Raw Read Quality Assessment
- Tools like FastQC or MultiQC are commonly used to evaluate the overall quality of raw sequencing reads. They generate reports that include:
  - Per-base quality scores: These indicate the confidence in the base call at each position of the read. Lower quality at the ends of reads is typical, but consistently low scores may indicate issues.
  - GC-content distribution: Helps identify bias in the sequencing process.
  - Adapter contamination: Detects whether adapter sequences are still present in the reads, which can lead to errors in alignment.
  - Per-sequence quality: Shows the distribution of quality scores across all sequences to highlight variability.
Trimming and Filtering
- Adapter Trimming: Removing adapter sequences left over from library preparation using tools like Trimmomatic or Cutadapt ensures that downstream alignment and assembly are not affected by non-biological sequences.

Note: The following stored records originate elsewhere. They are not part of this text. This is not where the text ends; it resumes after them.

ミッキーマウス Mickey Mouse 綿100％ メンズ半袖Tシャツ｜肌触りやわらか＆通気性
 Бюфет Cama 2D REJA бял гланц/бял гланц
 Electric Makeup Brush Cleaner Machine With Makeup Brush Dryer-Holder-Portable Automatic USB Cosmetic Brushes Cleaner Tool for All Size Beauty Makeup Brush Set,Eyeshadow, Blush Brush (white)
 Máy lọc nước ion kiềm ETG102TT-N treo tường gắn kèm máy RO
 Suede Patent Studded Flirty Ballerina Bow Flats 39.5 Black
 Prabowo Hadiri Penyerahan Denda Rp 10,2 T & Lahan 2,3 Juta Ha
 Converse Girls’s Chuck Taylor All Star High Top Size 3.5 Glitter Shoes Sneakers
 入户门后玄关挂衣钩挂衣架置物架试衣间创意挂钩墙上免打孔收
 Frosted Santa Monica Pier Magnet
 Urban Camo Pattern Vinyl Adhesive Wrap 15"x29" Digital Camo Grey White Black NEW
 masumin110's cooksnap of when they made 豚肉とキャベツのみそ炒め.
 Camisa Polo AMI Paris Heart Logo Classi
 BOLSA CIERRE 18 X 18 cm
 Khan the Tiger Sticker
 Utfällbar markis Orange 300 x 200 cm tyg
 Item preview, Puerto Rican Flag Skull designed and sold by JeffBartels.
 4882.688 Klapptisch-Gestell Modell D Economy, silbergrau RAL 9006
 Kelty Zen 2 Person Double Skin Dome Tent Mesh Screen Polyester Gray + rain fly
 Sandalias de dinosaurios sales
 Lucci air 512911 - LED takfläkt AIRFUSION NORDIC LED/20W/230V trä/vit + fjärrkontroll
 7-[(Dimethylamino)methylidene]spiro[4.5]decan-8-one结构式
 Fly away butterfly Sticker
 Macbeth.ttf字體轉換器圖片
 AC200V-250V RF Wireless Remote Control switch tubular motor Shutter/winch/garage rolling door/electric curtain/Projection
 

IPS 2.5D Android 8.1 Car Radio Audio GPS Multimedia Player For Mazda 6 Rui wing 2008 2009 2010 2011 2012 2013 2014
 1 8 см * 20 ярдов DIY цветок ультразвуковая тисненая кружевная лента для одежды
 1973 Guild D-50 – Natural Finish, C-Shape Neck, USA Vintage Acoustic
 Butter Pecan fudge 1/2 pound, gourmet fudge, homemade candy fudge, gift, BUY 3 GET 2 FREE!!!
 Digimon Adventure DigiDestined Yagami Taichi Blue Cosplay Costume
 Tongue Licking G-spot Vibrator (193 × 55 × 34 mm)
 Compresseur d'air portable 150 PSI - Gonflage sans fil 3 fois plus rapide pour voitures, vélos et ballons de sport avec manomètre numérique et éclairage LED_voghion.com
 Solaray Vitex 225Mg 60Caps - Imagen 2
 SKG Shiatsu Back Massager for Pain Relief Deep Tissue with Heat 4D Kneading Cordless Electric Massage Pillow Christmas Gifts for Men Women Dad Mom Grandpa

- Quality-based Trimming: Bases with low quality scores can be trimmed from the ends of reads to ensure that only high-confidence bases are used for further analysis.
- Length Filtering: Removing sequences that are too short after trimming to avoid biases in downstream analysis.
De-multiplexing
- In cases where multiple samples are pooled and sequenced together, barcodes or indices are used to identify each sample. Errors in de-multiplexing can lead to sample cross-contamination, so proper barcode detection and removal are critical.
Error Correction Algorithms
- Tools like SPAdes or Pilon can be used to correct sequencing errors in the reads by using statistical models or combining information from multiple overlapping reads to resolve ambiguities.
Read Alignment QC
- After mapping the reads to a reference genome, QC tools like Picard or Samtools can check for alignment statistics, such as:
  - Percentage of reads mapped: A low percentage may indicate errors in sequencing or contamination.
  - Coverage uniformity: Unusual spikes or dips in coverage can indicate sequencing bias or errors.
  - Duplicate reads: These can arise from over-amplification during PCR, leading to biased variant calls.
Downstream Data Filtering
- During variant calling, filters can be applied to exclude variants that are likely due to sequencing errors, such as those with low read depth or low-quality scores.

Error Mitigation

Increasing Read Depth: Higher coverage reduces the impact of random errors, as true biological signals are more likely to be supported by multiple reads.
Replication: Running sequencing experiments in replicates helps identify and filter out sequencing artifacts, ensuring that observed patterns are reproducible.
Platform Integration: Combining short- and long-read sequencing technologies can help mitigate errors unique to each platform. For example, PacBio or Nanopore long reads can resolve complex regions that are misrepresented in Illumina short reads.